TASK INSTRUCTIONS - Every line below between the line holding "Quails eggs, top" and the line holding "1988 Ford Bronco", inclusive, should be repeated exactly, and all other lines omitted.

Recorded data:
▬▬▬▬▬▬▬▬▬▬

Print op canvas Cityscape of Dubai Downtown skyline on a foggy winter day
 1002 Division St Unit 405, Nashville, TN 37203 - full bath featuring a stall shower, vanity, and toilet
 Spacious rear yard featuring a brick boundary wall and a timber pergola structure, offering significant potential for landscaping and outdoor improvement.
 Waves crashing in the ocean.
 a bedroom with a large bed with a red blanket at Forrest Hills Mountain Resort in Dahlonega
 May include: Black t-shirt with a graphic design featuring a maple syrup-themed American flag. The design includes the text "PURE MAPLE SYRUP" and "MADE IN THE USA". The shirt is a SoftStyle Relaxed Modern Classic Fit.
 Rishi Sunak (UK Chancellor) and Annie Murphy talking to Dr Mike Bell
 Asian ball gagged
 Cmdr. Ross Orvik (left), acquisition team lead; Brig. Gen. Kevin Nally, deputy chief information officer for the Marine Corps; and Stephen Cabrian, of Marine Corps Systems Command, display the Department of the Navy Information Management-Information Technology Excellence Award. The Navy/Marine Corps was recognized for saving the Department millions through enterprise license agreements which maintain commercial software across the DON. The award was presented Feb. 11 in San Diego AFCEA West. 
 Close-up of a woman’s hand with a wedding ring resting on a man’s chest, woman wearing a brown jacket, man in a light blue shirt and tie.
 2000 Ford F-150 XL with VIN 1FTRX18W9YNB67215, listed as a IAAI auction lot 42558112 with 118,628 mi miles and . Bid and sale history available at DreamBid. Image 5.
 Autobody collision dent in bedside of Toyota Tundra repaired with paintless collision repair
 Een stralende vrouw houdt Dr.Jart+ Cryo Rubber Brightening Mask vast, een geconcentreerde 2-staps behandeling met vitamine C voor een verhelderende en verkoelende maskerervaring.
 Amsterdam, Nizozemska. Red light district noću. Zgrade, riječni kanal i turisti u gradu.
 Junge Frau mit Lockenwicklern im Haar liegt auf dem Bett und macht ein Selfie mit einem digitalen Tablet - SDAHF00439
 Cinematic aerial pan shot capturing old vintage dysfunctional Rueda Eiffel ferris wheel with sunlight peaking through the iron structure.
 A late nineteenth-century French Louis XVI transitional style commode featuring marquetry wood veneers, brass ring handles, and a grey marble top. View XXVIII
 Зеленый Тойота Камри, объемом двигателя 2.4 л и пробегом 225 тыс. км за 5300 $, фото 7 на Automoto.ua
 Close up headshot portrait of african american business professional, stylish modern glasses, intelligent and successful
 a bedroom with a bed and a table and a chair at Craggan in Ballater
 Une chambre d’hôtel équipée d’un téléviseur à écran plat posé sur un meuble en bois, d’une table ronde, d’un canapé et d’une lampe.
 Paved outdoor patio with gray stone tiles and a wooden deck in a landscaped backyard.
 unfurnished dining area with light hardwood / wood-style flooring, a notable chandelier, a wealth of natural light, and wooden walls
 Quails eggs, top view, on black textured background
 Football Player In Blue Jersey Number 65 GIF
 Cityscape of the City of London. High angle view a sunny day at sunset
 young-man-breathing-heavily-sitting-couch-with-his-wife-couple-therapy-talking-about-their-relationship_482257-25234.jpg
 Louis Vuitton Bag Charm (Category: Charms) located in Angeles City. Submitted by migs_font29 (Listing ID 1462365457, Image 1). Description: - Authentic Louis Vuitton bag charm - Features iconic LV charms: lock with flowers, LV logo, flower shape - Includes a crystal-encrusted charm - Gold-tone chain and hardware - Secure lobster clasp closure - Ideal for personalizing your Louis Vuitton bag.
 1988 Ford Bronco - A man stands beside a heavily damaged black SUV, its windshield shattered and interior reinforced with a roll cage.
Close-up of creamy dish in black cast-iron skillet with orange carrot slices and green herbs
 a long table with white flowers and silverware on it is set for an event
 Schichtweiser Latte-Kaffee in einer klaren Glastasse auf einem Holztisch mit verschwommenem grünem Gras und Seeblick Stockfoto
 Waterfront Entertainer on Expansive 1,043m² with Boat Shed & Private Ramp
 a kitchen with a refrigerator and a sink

▬▬▬▬▬▬▬▬▬▬

OUTPUT OF THE EXERCISE -
 Quails eggs, top view, on black textured background
 Football Player In Blue Jersey Number 65 GIF
 Cityscape of the City of London. High angle view a sunny day at sunset
 young-man-breathing-heavily-sitting-couch-with-his-wife-couple-therapy-talking-about-their-relationship_482257-25234.jpg
 Louis Vuitton Bag Charm (Category: Charms) located in Angeles City. Submitted by migs_font29 (Listing ID 1462365457, Image 1). Description: - Authentic Louis Vuitton bag charm - Features iconic LV charms: lock with flowers, LV logo, flower shape - Includes a crystal-encrusted charm - Gold-tone chain and hardware - Secure lobster clasp closure - Ideal for personalizing your Louis Vuitton bag.
 1988 Ford Bronco - A man stands beside a heavily damaged black SUV, its windshield shattered and interior reinforced with a roll cage.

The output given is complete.